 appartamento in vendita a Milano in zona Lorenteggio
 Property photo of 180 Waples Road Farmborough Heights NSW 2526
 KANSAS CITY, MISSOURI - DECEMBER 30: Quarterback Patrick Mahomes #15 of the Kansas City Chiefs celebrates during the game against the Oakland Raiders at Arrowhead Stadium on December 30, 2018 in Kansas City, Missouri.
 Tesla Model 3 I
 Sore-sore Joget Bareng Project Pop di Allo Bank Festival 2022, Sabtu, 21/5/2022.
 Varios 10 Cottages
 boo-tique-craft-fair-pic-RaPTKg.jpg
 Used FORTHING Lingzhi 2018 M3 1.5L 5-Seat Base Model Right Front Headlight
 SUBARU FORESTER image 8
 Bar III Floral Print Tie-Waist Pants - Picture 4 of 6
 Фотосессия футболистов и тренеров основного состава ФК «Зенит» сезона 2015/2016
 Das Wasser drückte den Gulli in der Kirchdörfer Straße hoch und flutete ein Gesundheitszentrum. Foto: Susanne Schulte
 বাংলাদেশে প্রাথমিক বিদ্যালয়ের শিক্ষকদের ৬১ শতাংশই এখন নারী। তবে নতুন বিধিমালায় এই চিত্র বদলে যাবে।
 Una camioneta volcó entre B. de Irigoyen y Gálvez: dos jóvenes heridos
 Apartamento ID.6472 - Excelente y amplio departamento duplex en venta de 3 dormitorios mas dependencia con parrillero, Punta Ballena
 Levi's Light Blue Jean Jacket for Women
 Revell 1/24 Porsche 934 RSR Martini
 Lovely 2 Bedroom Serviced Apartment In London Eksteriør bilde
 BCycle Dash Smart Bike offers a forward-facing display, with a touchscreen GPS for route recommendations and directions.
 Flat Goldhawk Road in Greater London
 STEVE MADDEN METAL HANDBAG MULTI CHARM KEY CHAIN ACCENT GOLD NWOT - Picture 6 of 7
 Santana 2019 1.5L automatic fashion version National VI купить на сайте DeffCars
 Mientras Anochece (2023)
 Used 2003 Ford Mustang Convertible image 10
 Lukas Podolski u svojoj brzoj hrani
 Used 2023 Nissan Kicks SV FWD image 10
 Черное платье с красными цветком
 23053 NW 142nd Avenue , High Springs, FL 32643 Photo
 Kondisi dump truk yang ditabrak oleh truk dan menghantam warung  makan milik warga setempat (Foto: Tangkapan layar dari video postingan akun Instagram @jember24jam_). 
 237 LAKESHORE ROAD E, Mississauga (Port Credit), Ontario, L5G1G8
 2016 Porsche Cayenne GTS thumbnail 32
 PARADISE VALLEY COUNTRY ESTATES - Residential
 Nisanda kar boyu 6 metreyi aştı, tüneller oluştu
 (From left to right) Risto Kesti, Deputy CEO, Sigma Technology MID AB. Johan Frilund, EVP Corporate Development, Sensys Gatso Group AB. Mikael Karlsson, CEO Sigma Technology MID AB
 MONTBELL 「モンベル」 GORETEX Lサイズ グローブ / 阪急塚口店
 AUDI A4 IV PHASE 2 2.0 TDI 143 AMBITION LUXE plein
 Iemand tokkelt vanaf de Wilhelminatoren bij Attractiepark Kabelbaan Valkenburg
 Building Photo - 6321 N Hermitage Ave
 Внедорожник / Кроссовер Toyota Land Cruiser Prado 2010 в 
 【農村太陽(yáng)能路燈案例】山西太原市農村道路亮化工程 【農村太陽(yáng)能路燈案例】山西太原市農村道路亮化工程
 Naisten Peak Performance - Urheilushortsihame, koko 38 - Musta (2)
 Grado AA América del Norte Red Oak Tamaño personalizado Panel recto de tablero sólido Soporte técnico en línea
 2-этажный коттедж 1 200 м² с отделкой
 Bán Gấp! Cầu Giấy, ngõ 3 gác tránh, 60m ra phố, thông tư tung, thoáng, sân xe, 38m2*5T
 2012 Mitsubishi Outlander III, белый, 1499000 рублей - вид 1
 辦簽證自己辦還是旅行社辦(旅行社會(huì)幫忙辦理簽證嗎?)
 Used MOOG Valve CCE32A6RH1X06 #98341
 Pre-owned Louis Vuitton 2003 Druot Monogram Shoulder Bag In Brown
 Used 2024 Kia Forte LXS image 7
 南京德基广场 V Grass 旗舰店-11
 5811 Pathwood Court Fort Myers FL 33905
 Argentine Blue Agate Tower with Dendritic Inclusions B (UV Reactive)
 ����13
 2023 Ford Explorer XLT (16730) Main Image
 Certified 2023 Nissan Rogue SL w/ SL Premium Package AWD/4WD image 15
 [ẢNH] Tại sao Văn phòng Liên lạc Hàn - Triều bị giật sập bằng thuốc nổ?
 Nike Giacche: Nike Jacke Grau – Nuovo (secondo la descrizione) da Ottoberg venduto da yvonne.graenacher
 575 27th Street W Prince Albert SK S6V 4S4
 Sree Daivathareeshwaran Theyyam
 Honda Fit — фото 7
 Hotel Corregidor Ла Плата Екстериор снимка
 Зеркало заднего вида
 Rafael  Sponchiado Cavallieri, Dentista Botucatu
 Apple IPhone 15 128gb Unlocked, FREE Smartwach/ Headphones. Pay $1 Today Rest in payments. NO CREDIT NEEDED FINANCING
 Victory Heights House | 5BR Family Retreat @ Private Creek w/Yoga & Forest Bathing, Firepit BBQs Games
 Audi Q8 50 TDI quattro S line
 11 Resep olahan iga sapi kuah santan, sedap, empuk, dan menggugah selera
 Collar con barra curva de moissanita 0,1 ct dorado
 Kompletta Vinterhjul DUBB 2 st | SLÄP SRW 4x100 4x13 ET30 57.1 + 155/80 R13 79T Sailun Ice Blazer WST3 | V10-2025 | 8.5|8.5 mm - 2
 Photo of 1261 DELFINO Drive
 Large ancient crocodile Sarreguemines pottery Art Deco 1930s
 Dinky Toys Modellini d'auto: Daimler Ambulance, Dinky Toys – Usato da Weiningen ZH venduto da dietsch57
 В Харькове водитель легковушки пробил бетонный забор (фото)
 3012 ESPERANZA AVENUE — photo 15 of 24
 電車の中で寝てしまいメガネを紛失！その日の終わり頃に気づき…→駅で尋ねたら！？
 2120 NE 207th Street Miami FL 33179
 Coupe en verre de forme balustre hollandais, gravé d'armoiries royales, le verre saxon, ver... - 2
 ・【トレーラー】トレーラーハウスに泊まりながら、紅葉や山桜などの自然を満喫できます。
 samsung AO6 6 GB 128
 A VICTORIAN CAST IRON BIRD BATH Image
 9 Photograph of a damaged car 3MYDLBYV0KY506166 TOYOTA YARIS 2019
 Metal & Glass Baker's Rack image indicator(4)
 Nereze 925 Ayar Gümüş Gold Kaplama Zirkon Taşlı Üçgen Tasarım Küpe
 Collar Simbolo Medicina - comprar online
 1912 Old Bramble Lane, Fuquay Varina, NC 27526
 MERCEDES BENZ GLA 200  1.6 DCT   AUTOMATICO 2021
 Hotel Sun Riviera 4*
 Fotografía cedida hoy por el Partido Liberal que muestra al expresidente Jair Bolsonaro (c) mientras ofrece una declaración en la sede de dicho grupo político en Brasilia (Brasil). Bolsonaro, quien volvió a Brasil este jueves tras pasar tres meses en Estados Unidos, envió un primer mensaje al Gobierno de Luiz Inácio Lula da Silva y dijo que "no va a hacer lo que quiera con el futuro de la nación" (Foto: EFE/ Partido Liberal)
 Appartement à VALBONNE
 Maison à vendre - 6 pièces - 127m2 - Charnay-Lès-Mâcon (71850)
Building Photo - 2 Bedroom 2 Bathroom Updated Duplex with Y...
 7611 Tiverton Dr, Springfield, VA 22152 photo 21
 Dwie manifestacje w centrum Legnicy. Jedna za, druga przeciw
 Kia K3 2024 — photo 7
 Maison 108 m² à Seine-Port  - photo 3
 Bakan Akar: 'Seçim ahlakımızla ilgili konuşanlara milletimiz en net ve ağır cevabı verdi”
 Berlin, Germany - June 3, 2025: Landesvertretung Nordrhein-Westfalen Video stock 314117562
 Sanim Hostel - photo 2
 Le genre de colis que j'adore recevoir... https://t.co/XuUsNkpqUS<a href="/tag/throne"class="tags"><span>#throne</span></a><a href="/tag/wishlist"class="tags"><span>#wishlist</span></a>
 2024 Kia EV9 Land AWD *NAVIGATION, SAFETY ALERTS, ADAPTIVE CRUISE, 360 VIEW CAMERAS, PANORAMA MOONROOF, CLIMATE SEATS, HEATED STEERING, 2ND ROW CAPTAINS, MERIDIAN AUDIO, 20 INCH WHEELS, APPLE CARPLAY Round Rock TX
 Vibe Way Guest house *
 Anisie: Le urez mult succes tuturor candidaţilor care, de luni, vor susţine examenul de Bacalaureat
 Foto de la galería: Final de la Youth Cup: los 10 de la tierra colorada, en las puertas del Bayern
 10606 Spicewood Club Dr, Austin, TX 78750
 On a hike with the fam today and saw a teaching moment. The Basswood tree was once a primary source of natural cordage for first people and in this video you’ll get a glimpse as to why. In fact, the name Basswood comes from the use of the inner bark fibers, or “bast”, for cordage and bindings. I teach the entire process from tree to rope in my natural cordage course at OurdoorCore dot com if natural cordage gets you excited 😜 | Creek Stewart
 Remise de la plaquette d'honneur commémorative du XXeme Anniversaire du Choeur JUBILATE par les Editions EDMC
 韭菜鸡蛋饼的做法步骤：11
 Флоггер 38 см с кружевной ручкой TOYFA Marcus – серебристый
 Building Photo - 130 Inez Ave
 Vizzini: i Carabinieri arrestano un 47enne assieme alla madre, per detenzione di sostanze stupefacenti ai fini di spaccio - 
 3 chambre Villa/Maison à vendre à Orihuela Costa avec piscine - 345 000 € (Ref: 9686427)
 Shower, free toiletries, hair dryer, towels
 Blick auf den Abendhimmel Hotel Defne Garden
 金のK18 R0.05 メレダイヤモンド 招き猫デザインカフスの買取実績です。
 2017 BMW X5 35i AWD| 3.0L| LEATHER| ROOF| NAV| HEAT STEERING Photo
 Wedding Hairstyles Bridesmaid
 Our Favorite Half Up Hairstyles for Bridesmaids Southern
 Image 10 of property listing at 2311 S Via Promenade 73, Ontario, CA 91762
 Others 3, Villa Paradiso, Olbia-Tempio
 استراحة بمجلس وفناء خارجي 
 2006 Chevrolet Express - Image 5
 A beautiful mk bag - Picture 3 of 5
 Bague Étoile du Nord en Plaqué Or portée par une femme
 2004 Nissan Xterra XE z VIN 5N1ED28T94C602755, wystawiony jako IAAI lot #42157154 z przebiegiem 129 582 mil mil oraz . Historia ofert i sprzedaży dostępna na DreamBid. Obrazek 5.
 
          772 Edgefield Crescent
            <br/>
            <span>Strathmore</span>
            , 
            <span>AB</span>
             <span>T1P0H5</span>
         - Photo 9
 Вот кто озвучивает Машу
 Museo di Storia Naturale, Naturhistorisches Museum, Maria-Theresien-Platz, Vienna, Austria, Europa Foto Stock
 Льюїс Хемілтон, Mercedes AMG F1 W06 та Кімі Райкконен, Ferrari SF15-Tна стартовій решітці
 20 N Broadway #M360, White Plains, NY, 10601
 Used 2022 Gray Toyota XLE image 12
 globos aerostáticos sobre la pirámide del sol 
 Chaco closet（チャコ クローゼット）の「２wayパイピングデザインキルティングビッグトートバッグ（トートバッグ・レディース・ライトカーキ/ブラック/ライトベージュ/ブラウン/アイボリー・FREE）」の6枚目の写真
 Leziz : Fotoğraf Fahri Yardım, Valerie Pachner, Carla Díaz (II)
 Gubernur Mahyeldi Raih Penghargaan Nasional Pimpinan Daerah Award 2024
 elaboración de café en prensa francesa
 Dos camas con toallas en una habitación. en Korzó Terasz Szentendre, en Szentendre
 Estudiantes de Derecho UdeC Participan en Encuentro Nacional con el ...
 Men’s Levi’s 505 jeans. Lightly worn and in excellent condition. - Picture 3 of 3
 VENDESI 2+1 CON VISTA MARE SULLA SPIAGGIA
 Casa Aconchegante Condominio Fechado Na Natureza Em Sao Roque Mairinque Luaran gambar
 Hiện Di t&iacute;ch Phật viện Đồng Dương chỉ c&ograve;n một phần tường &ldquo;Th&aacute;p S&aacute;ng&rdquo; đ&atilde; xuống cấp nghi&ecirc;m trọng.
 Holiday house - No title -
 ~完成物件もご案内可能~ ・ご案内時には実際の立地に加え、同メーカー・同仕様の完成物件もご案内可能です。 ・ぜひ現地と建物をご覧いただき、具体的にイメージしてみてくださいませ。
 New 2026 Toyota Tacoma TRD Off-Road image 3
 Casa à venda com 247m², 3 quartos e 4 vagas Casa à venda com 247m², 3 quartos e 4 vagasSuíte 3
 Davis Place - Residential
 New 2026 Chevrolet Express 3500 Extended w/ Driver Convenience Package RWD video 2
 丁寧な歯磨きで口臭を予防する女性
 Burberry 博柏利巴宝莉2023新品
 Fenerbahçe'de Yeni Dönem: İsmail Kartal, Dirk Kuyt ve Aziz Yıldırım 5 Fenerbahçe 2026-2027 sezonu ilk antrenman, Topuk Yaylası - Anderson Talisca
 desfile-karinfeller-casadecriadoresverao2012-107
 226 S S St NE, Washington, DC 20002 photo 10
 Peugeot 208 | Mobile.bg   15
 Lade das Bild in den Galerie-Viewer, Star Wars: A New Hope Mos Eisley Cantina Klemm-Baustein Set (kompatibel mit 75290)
# # #
What you should do: Word for word, quote the lines from the line containing "Used 2022 Gray Toyota XLE image 12" through the end of the material, both included, and nothing else.

Your solution:
 Used 2022 Gray Toyota XLE image 12
 globos aerostáticos sobre la pirámide del sol 
 Chaco closet（チャコ クローゼット）の「２wayパイピングデザインキルティングビッグトートバッグ（トートバッグ・レディース・ライトカーキ/ブラック/ライトベージュ/ブラウン/アイボリー・FREE）」の6枚目の写真
 Leziz : Fotoğraf Fahri Yardım, Valerie Pachner, Carla Díaz (II)
 Gubernur Mahyeldi Raih Penghargaan Nasional Pimpinan Daerah Award 2024
 elaboración de café en prensa francesa
 Dos camas con toallas en una habitación. en Korzó Terasz Szentendre, en Szentendre
 Estudiantes de Derecho UdeC Participan en Encuentro Nacional con el ...
 Men’s Levi’s 505 jeans. Lightly worn and in excellent condition. - Picture 3 of 3
 VENDESI 2+1 CON VISTA MARE SULLA SPIAGGIA
 Casa Aconchegante Condominio Fechado Na Natureza Em Sao Roque Mairinque Luaran gambar
 Hiện Di t&iacute;ch Phật viện Đồng Dương chỉ c&ograve;n một phần tường &ldquo;Th&aacute;p S&aacute;ng&rdquo; đ&atilde; xuống cấp nghi&ecirc;m trọng.
 Holiday house - No title -
 ~完成物件もご案内可能~ ・ご案内時には実際の立地に加え、同メーカー・同仕様の完成物件もご案内可能です。 ・ぜひ現地と建物をご覧いただき、具体的にイメージしてみてくださいませ。
 New 2026 Toyota Tacoma TRD Off-Road image 3
 Casa à venda com 247m², 3 quartos e 4 vagas Casa à venda com 247m², 3 quartos e 4 vagasSuíte 3
 Davis Place - Residential
 New 2026 Chevrolet Express 3500 Extended w/ Driver Convenience Package RWD video 2
 丁寧な歯磨きで口臭を予防する女性
 Burberry 博柏利巴宝莉2023新品
 Fenerbahçe'de Yeni Dönem: İsmail Kartal, Dirk Kuyt ve Aziz Yıldırım 5 Fenerbahçe 2026-2027 sezonu ilk antrenman, Topuk Yaylası - Anderson Talisca
 desfile-karinfeller-casadecriadoresverao2012-107
 226 S S St NE, Washington, DC 20002 photo 10
 Peugeot 208 | Mobile.bg   15
 Lade das Bild in den Galerie-Viewer, Star Wars: A New Hope Mos Eisley Cantina Klemm-Baustein Set (kompatibel mit 75290)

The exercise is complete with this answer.